So much has been said about David Lynch, and at the same time it feels like it’s never enough. Watching his films affects your brain in a unique way that is especially subjective and determined by your mood and life in the moment of consumption. His films stand the test of time and inspire countless creatives, speaking to a deeper level than many are willing to descend. It’s no surprise, then, that he is multi-talented in artistic fields, beginning with painting as a young man.
Almost like a moment in Lynch’s evolution from painting to film, his shorts stand as living paintings: bite-sized pieces of the maelstrom of his mind to fascinate, disgust, and bewilder. They are somehow even more difficult to digest and process than his films with their lack of restriction on thought or imagery, they fill with revulsion and intrigue. Recently, VIFF showed a compilation of David Lynch’s shorts along with his documentary, The Art Life. Take a look below at what kind of magic Lynch created in these strange, compelling shorts.
6 Men Getting Sick (Six Times)
Lynch’s first experimental short film, 6 Men Getting Sick (Six Times) is one of the more straightforward additions to his collection. With a mind-numbing siren in constant alert, we watch a mixed-media story unfold. Film over paint, fire over canvas, six heads seem to vomit, their organs appear filled with blood. Hands are grasping and covering as one by one they disappear. The sense of anxiety this short cultivates is strong, and it’s visuals are particularly jarring and interesting, making this a favourite.
Six Men… was created in 1967 with a budget of $200, while Lynch was attending Pennsylvania Academy of the Fine Arts, a step along the way to his ingenious inventive mind to be displayed in his first feature-length film, Eraserhead. In the recent documentary The Art Life, Lynch speaks of the moment he felt inspired to create the animated film, a movement in his painting and a wind heard from imagined trees, a poetic moment for what is strangely a poetic film in its looping narrative.
The following year, Lynch went on to create The Alphabet. Here he branched out a mix of animation and live-action, telling a story of a woman haunted by dreams of a menacing alphabet. Charming dot art and sung scales transform to disgust and awe through bodily sights and sounds. The sound of a mewling child grates on the mind, a type of birth seems to be shown, phallic figures ejaculate, and letters give birth to smaller letters. “Please remember you are dealing with a human form,” we are reminded as we transition to Lynch’s wife, (Peggy Lynch) eerily singing the alphabet in bizarre white makeup and gown soon to be marred by crimson.
Lynch would take this birth theme further and at length through his next short, The Grandmother. Humans are as seeds, planted below the ground and grown to maturity writhing together desperate for nourishment, a mix of plant and animal.
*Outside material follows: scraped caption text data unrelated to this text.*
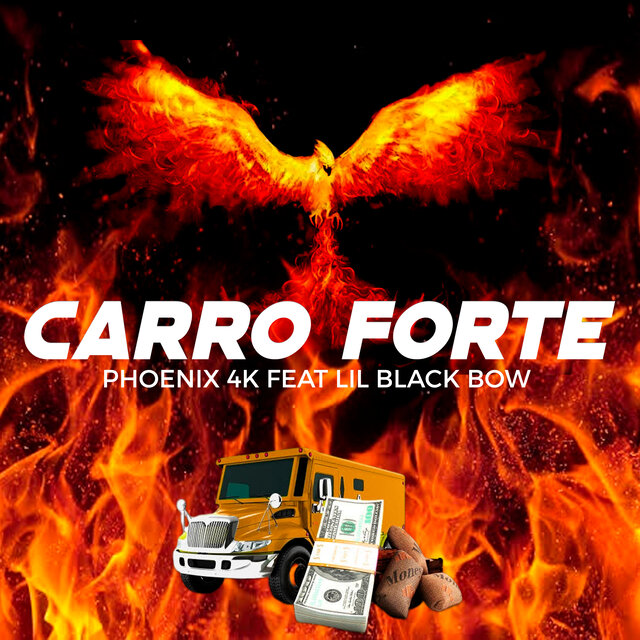 Carro Forte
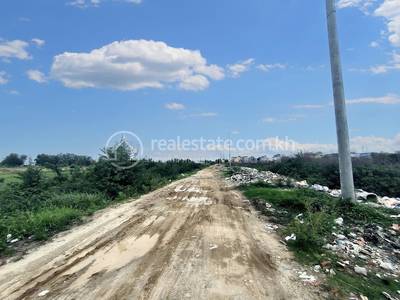 Spean Thma, Dangkao, Phnom Penh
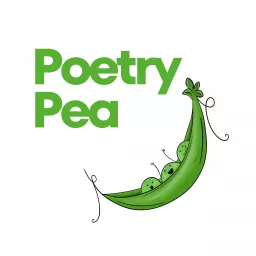 Poetry Pea - haiku and other English Language Japanese short forms Podcast artwork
There is no choice of which field we are planted in, and we meet a family marred by abuse and discontent. Here Lynch confronts the dead, monotonous moan of stereotypical family life. A little boy bears the brunt of the anger, a perpetual bed-wetter put to shame by a yelling father. In order to escape his personal repetitive hell, he plants a seed for a grandmother, heaping dirt upon a bed and watering it faithfully with that desperate expectation only a child can have.
When she is ready for harvest, a sort of non-traditional and strange labour manages to catch the mystery and mess of new life. The boy’s patience and dedication has paid off, and he has a loving grandmother as a place of reprieve. But, the life cycle also includes death, a state of which nobody is exempt.
The Grandmother is dark, reflective of the set of The Alphabet with garish white faces popping against empty black. Like the seedlings at the start, it is another fossilized example of the journey Lynch had begun to his cinematic greatness. This short would earn him a place at the American Film Institute where he would finally make Eraserhead, the time he reflects on as the happiest in his life.
The Amputee, Part 1 and 2
Perhaps the strangest of the bunch, Amputee Part 1 and 2 are combined for their nearly imperceptible differences—just an addition to length on the second version. A woman recounts a story through a letter with just enough details to draw you in and not enough to help you comprehend. She smokes languidly, reading aloud in her mind as her caretaker comes in to change the dressing on her knees, following a recent amputation. As she muses in her monotonous tone, fluids gush and stream from her kneecaps, a shunt is poorly placed but she pays no notice to any of it, too consumed by her internal thoughts. Amputee was created while Lynch was in the middle of Eraserhead, and it feels like an extension of his restless waiting, one of those projects we pump out to get the juices flowing. Despite its bizarre content and stagnant perspective, there is a bit of a relaxing quality to it that’s difficult to describe.